Our group has been studying spamming botnets for a while, and our efforts in developing mitigation techniques and taking down botnets have contributed in decreasing the amount of spam on the Internet. During the last couple of years the spam volumes have significantly dropped, but spam still remains a significant burden to the email infrastructure and to email users. Recently, we have been working on gaining a better understanding of spam operations and of the actors involved in this underground economy. We believe that shedding light on these topics can help researchers develop novel mitigation techniques, and identifying which of the already-existing techniques are particularly effective in crippling spam operations, and should therefore be widely deployed. Our efforts produced two papers.

The first paper, which will be presented at AsiaCCS next week, is a longitudinal study of the spam delivery pipeline. Previous research showed that to set up a spam operation a spammer has to interact with multiple specialized actors. In particular, he has to purchase a list of email addresses to target with his spam emails, and he needs a botnet to send the actual spam. Both services are provided by specialized entities that are active on the underground market, which we call "email harvesters" and "botmasters" respectively. In this paper, we studied the relations between the different actors in the spam ecosystem. We want to understand how widely email lists are sold, and to how many spammers, as well as how many botnets each spammer rents to set up their operations.

To perform our study, we proceeded as follows. First, we disseminated fake email addresses under our control on the web. We consider any access to the web pages where these email addresses are hosted as a possible email harvester, and "fingerprint" it by logging its IP address and user agent. By doing this, every time we receive a spam email destined to a certain address, we can track which email harvester collected that address. Similarly, we can fingerprint the botnet that is sending the spam email by using a technique that we presented at USENIX Security in 2012, called SMTP dialects. In a nutshell, this technique leverages the fact that each implementation of the SMTP protocol used by spambots is different, and that it is possible to assess the family that a bot belongs to just by looking at the sequence of SMTP messages that it exchanges with the email server. Finally, we assume that a single spammer is responsible of each spam campaign, and cluster together similar emails.

After collecting the aforementioned information, we can track a spam operation from its beginning to its end: we know which email list spammers used, as well as which botnet they took advantage of. Our results show that spammers develop some sort of "brand loyalty" both to email harvesters and to botmasters: each spammer that we observed used a single botnet over a period of six months, and kept using the same email list for a long period of time.

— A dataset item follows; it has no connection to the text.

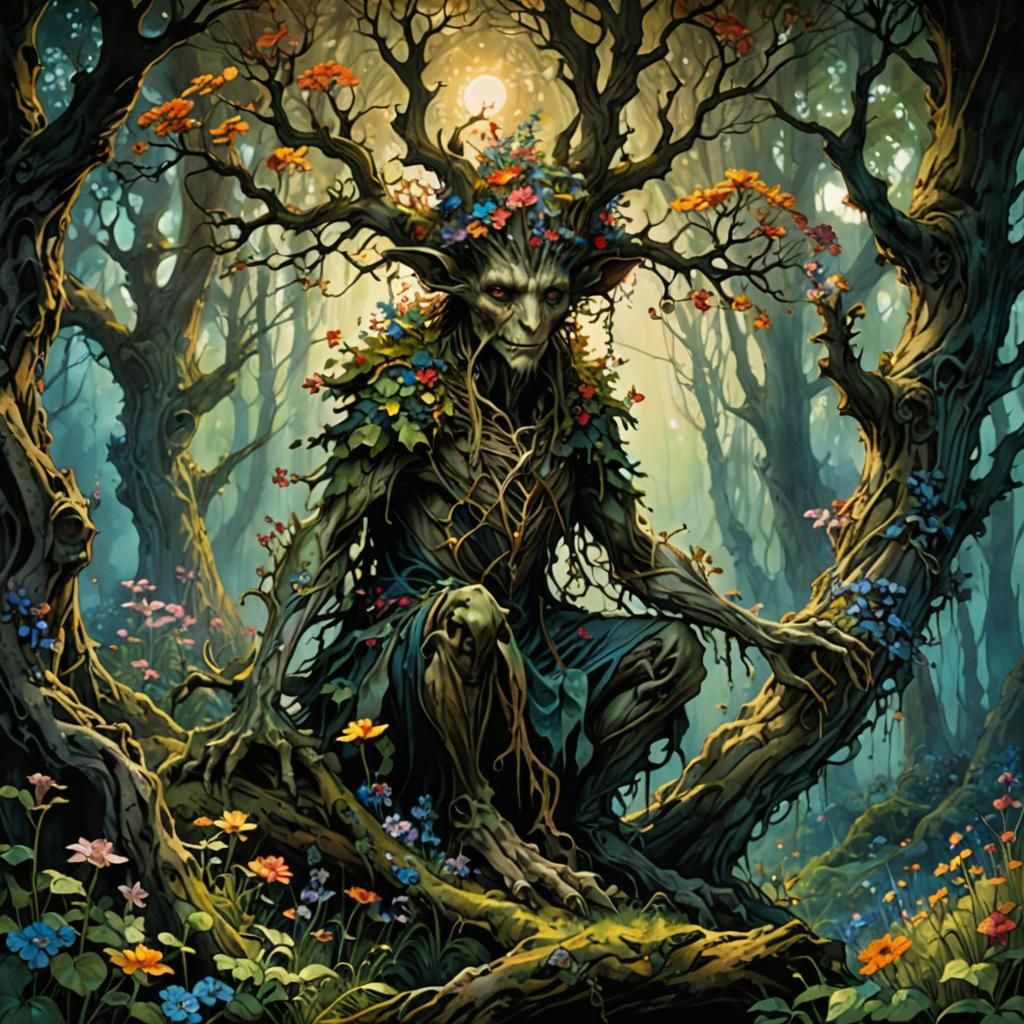 The Green Man of the Andrevos wilderness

The second paper, which was presented at the International Workshop on Cyber Crime earlier this month, studies the elements that a spammer needs to set to make his botnet perform well. We studied the statistics of 24 C&C servers belonging to the Cutwail botnet, looking at which element differentiate successful spammers from failed ones. The first element is the number of bots that the spammer uses. Having too many bots connecting to the C&C server saturates its bandwidth and results in bad performance. Another element is the size of the email list used by spammers. "Good" spammers trim their email list from non-existing email addresses, avoiding their bots to waste time sending emails that will never get delivered. A third element consists in having bots retry to send an email multiple times after receiving a server error: since many bots have poor Internet connections, this helps keeping the fraction of emails successfully sent high. The last, surprising finding is that the physical location of bots seems not to influence the performance of a spam campaign. As a side effect of this, successful spammers typically purchase bots located in developing countries, which are typically cheaper.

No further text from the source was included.